**Task description**
Among the entries below, which lines run from the line with "Nicefeel Smart Dental" through the line with "Types Of Store"? Retype those, both ends included, exactly and without pictures.

++++ Supplied records

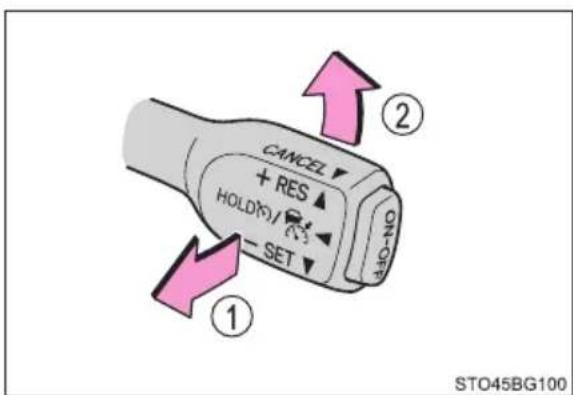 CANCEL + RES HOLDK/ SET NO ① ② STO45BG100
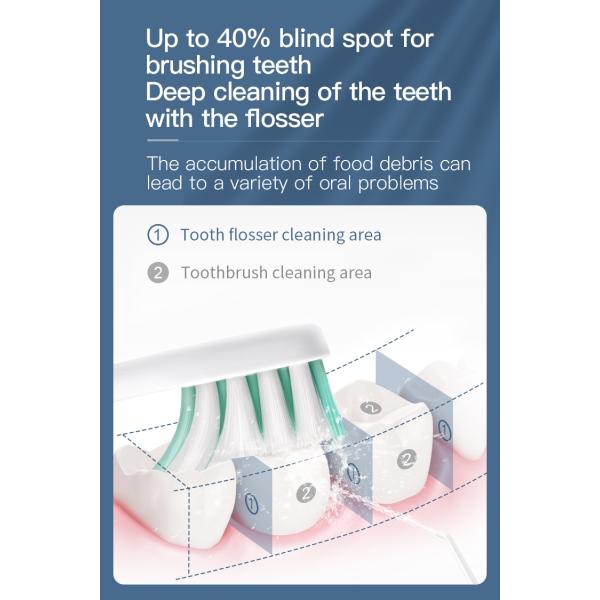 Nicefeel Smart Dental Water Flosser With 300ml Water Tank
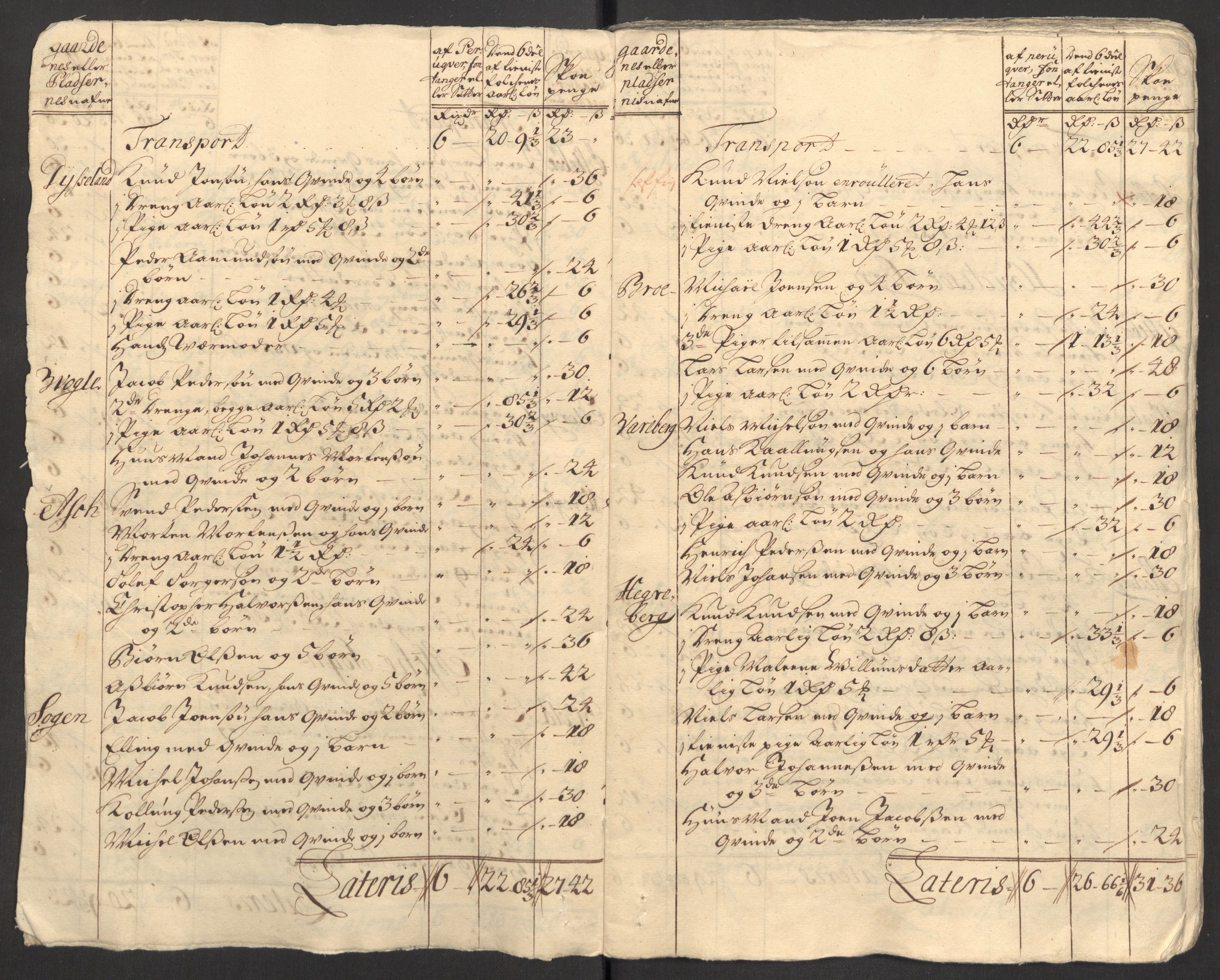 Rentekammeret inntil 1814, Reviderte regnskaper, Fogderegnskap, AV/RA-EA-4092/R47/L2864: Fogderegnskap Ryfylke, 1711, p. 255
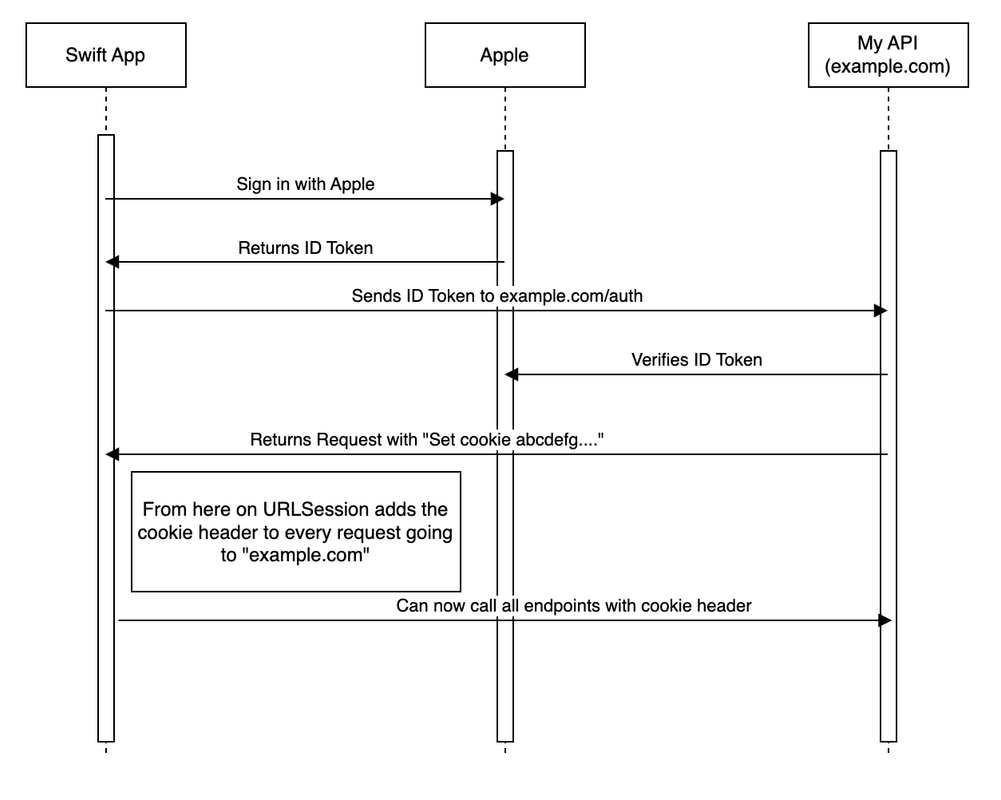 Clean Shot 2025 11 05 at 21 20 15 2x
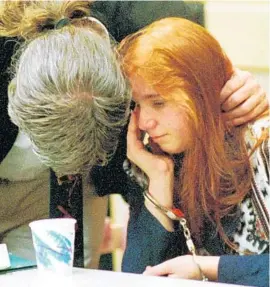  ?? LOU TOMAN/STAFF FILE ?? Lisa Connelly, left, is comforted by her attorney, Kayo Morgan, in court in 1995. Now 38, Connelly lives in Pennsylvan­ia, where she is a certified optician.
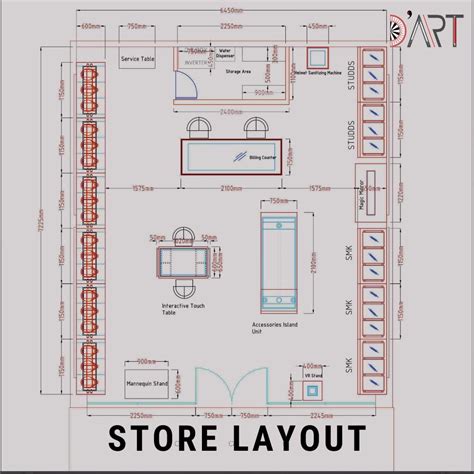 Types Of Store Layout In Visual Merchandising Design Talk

++++++++
++++ Supplied records

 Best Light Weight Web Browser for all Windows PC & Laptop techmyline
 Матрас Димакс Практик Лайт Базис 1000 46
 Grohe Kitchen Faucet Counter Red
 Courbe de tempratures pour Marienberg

++++++++

**Answer box**
 Nicefeel Smart Dental Water Flosser With 300ml Water Tank
 Rentekammeret inntil 1814, Reviderte regnskaper, Fogderegnskap, AV/RA-EA-4092/R47/L2864: Fogderegnskap Ryfylke, 1711, p. 255
 Clean Shot 2025 11 05 at 21 20 15 2x
  ?? LOU TOMAN/STAFF FILE ?? Lisa Connelly, left, is comforted by her attorney, Kayo Morgan, in court in 1995. Now 38, Connelly lives in Pennsylvan­ia, where she is a certified optician.
 Types Of Store Layout In Visual Merchandising Design Talk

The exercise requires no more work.